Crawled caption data
%%
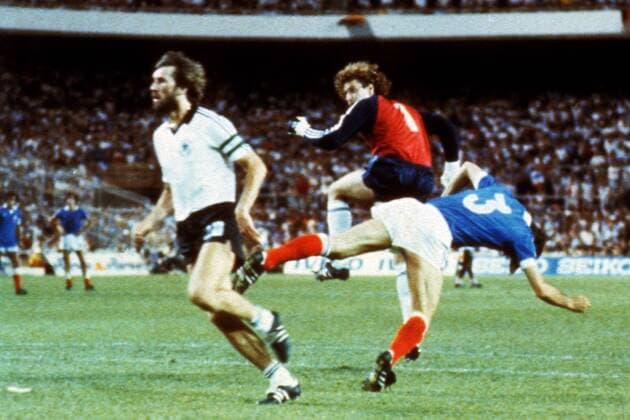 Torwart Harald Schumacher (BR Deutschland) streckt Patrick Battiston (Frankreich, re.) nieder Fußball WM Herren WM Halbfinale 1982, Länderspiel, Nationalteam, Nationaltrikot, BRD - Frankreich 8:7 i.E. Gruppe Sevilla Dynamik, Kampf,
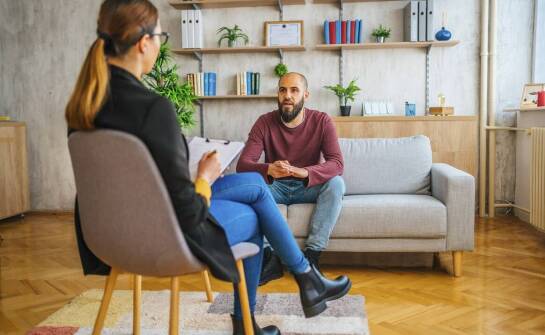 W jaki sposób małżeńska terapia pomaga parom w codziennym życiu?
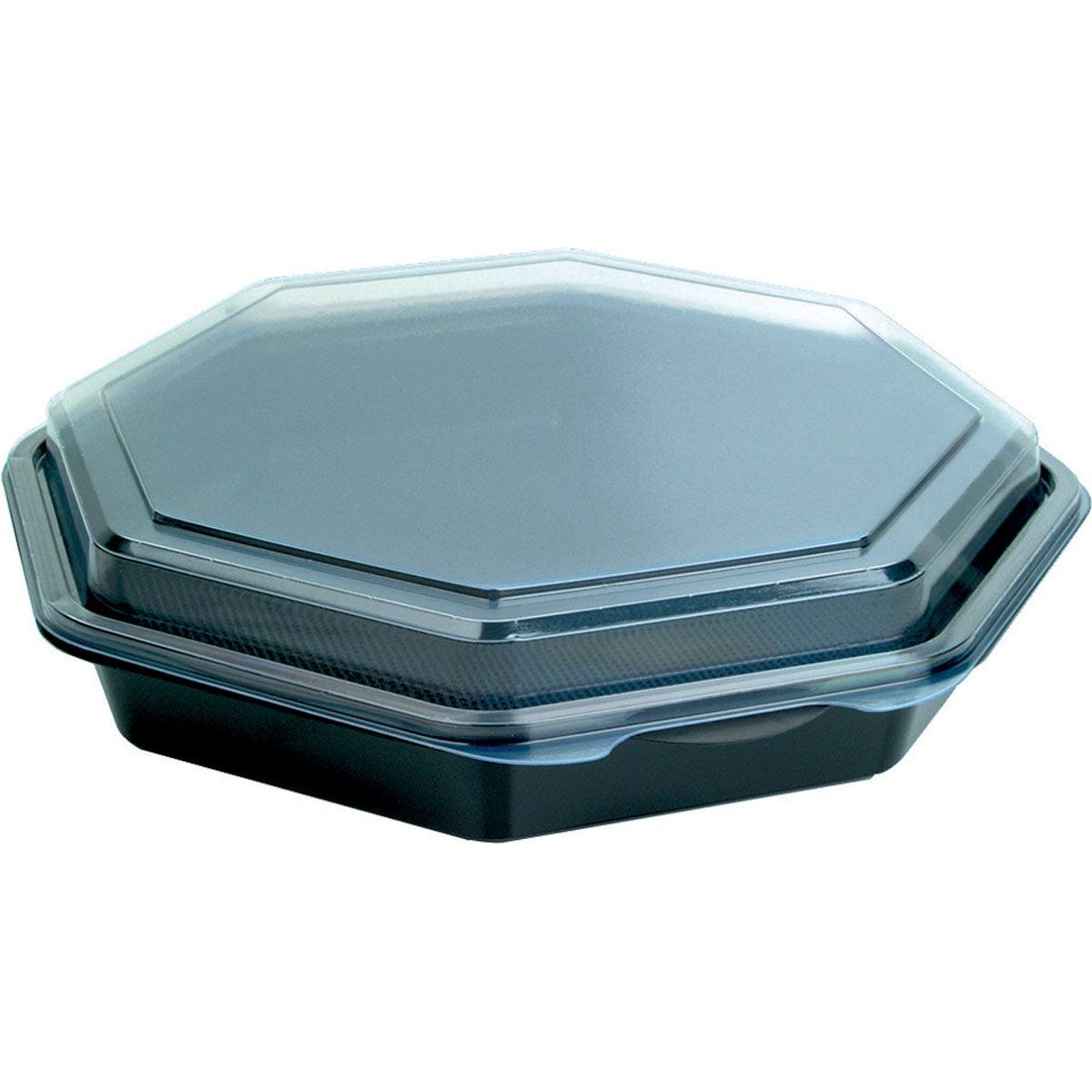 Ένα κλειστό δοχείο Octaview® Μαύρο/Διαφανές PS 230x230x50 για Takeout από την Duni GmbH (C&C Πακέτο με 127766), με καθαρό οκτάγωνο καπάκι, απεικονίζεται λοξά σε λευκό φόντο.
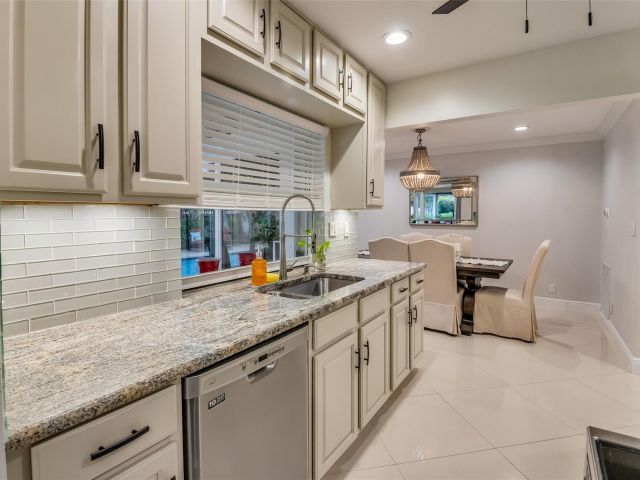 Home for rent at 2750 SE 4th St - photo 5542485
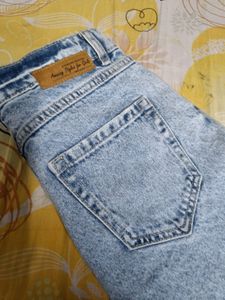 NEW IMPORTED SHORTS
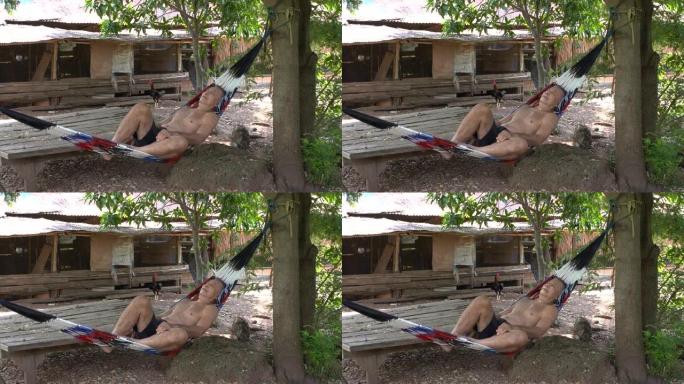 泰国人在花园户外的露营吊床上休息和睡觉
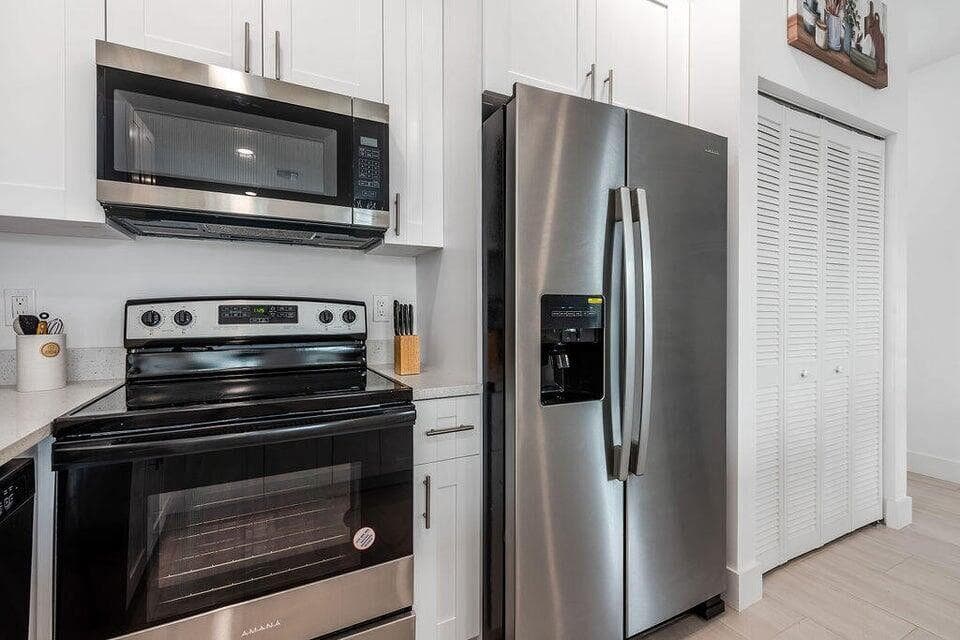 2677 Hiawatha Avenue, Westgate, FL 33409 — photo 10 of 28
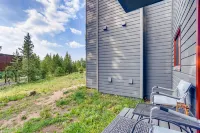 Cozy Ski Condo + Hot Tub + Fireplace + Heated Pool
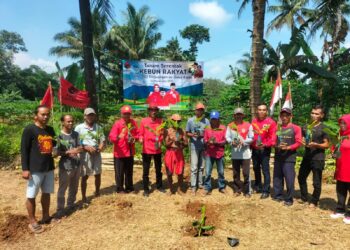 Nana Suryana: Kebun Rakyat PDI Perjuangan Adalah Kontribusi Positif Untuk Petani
%%
YOUR OBJECTIVE
Images stay out, but the rest of the data above must be repeated exactly.

REPLY
 Torwart Harald Schumacher (BR Deutschland) streckt Patrick Battiston (Frankreich, re.) nieder Fußball WM Herren WM Halbfinale 1982, Länderspiel, Nationalteam, Nationaltrikot, BRD - Frankreich 8:7 i.E. Gruppe Sevilla Dynamik, Kampf,
 W jaki sposób małżeńska terapia pomaga parom w codziennym życiu?
 Ένα κλειστό δοχείο Octaview® Μαύρο/Διαφανές PS 230x230x50 για Takeout από την Duni GmbH (C&C Πακέτο με 127766), με καθαρό οκτάγωνο καπάκι, απεικονίζεται λοξά σε λευκό φόντο.
 Home for rent at 2750 SE 4th St - photo 5542485
 NEW IMPORTED SHORTS
 泰国人在花园户外的露营吊床上休息和睡觉
 2677 Hiawatha Avenue, Westgate, FL 33409 — photo 10 of 28
 Cozy Ski Condo + Hot Tub + Fireplace + Heated Pool
 Nana Suryana: Kebun Rakyat PDI Perjuangan Adalah Kontribusi Positif Untuk Petani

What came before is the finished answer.